(Crawled caption data)
- - -

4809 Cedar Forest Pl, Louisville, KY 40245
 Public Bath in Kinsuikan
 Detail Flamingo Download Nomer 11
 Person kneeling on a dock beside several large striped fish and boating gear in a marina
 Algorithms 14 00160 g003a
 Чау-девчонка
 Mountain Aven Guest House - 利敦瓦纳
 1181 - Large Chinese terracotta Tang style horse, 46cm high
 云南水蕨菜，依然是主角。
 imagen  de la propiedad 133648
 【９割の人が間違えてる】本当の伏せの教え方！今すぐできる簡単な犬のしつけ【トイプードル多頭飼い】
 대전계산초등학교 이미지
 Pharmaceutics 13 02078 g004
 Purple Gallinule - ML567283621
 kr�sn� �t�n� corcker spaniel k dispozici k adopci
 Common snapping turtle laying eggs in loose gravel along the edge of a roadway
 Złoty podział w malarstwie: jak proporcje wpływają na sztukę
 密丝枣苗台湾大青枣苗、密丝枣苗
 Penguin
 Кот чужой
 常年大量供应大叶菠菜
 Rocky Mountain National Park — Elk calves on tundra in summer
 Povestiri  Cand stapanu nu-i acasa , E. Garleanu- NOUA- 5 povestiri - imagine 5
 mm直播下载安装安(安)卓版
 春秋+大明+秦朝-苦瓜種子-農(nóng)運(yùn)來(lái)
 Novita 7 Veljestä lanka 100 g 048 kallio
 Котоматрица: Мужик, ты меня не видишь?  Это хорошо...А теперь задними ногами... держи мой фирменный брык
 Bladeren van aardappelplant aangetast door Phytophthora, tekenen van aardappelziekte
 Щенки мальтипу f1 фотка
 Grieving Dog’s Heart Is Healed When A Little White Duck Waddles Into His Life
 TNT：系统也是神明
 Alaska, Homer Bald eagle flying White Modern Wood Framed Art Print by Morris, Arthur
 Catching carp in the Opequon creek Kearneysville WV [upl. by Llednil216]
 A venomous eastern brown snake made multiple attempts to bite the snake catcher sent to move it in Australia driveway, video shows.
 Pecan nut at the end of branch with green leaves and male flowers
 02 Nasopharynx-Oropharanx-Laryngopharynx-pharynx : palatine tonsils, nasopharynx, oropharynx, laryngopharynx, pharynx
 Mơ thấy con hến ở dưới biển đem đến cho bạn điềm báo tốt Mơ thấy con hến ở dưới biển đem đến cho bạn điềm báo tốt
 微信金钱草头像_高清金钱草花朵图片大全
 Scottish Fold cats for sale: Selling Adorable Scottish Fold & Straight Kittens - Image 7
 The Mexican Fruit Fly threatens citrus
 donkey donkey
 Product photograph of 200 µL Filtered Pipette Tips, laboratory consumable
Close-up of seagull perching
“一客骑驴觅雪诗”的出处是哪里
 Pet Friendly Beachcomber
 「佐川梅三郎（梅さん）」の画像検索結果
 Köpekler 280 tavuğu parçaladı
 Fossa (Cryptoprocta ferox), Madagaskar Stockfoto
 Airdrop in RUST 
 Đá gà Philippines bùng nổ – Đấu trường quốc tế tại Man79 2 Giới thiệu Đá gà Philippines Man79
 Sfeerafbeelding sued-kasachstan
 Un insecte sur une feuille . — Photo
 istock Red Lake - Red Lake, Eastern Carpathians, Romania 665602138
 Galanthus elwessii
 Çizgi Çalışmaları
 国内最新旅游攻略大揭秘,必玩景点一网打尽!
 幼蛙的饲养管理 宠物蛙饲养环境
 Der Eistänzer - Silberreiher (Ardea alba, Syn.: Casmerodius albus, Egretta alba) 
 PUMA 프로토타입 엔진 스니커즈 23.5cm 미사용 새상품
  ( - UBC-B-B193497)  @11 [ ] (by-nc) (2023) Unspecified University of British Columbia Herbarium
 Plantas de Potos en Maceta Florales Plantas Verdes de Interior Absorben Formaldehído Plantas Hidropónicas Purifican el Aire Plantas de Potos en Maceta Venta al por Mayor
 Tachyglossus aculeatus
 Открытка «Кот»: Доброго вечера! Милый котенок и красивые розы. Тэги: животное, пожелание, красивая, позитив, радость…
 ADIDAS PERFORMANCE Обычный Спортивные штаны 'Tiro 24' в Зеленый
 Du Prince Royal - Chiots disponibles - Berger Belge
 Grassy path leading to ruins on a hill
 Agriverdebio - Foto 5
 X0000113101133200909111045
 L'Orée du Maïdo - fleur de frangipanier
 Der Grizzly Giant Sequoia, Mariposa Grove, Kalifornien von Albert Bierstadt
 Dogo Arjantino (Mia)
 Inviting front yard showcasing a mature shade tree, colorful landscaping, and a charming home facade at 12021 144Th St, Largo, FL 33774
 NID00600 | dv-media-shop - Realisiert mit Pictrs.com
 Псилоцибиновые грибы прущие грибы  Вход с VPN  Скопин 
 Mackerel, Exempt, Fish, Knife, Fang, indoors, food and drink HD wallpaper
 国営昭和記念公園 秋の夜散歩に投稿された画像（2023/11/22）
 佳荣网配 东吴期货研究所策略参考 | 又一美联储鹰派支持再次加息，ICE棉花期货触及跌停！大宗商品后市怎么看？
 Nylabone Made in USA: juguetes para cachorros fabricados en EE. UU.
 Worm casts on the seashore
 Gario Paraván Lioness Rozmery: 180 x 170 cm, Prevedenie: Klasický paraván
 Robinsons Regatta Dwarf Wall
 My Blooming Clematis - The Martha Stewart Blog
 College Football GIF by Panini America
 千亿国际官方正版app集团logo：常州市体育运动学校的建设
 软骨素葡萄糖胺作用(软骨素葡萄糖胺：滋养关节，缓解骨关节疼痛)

- - -

ASSIGNMENT :: Both end lines included, restate word for word the lines above from the line with "Đá gà Philippines bùng" to the line with "Dogo Arjantino (Mia)", and nothing else.

YOUR SOLUTION ::
 Đá gà Philippines bùng nổ – Đấu trường quốc tế tại Man79 2 Giới thiệu Đá gà Philippines Man79
 Sfeerafbeelding sued-kasachstan
 Un insecte sur une feuille . — Photo
 istock Red Lake - Red Lake, Eastern Carpathians, Romania 665602138
 Galanthus elwessii
 Çizgi Çalışmaları
 国内最新旅游攻略大揭秘,必玩景点一网打尽!
 幼蛙的饲养管理 宠物蛙饲养环境
 Der Eistänzer - Silberreiher (Ardea alba, Syn.: Casmerodius albus, Egretta alba) 
 PUMA 프로토타입 엔진 스니커즈 23.5cm 미사용 새상품
  ( - UBC-B-B193497)  @11 [ ] (by-nc) (2023) Unspecified University of British Columbia Herbarium
 Plantas de Potos en Maceta Florales Plantas Verdes de Interior Absorben Formaldehído Plantas Hidropónicas Purifican el Aire Plantas de Potos en Maceta Venta al por Mayor
 Tachyglossus aculeatus
 Открытка «Кот»: Доброго вечера! Милый котенок и красивые розы. Тэги: животное, пожелание, красивая, позитив, радость…
 ADIDAS PERFORMANCE Обычный Спортивные штаны 'Tiro 24' в Зеленый
 Du Prince Royal - Chiots disponibles - Berger Belge
 Grassy path leading to ruins on a hill
 Agriverdebio - Foto 5
 X0000113101133200909111045
 L'Orée du Maïdo - fleur de frangipanier
 Der Grizzly Giant Sequoia, Mariposa Grove, Kalifornien von Albert Bierstadt
 Dogo Arjantino (Mia)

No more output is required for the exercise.